1 Ağustos 2010 Pazar

İstanbul'un İsim Efsaneleri

Tarihi ve kültürel zenginliği, kalabalık nüfusu, dinamizmi, gece-gündüz ve iş yaşamının yanı sıra sorunlarıyla da dünyanın önde gelen metropolleri arasında sayılan İstanbul, semt isimleri ve bunlarla ilgili anlatılan efsanelerle de dikkati çekiyor.

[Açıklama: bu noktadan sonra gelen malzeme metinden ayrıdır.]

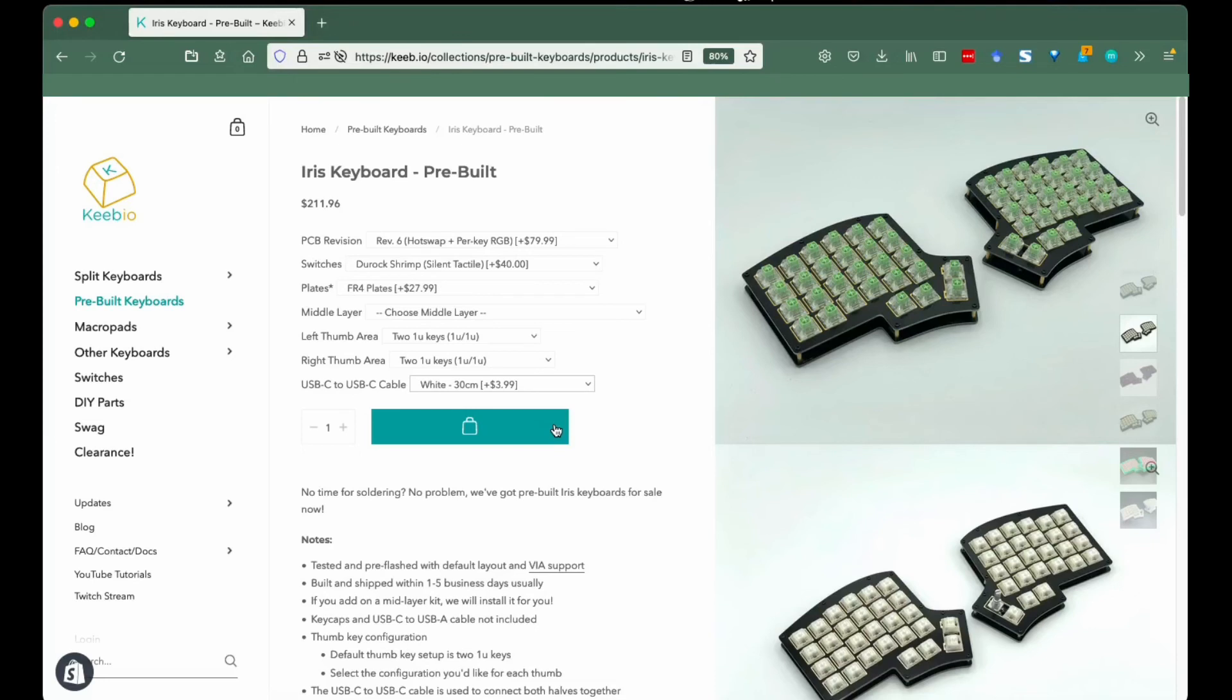Alright that's it from me, hope this helps keep your keyboard order smooth. Kayla from Keebio, over and out.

İSTANBUL - 9 ayrı dil ve kültürde 33 farklı isimle anılan İstanbul’un eski semtleri de adlarını, halk arasında veya tarih kitaplarında anlatılan ilginç olaylardan alıyor.

KENTİN 33 İSMİ

Çeşitli dil ve medeniyetlerde farklı şekillerde adlandırılan İstanbul, Grekçe’de “Vizantion”, Latince’de “Bizantium, Antoninya, Alma Roma, Nova Roma”, Rumca’da “Konstantinopolis, Istinpolin, Megali Polis, Kalipolis”, Slavca’da “Çargrad, Konstantingrad”, Vikingce’de “Miklagord”, Ermenice’de “Vizant, Stimbol, Esdambol, Eskomboli”, Arapça’da “Bizantiya, el-Mahsura, Kustantina el-uzma”, Selçuklular’da “Konstantiniyye, Mahrusa-i Konstantiniyye, Stambul” ve Osmanlıca’da “Dersaadet, Deraliyye, Mahrusa-i Saltanat, Istanbul, Islambol, Darü’s-saltanat-ı Aliyye, Asitane-i Aliyye, Darü’l-Hilafetü’l Aliye, Payitaht-ı Saltanat, Dergah-ı Mualla, Südde-iSaadet” gibi bilinen farklı 33 isme sahip.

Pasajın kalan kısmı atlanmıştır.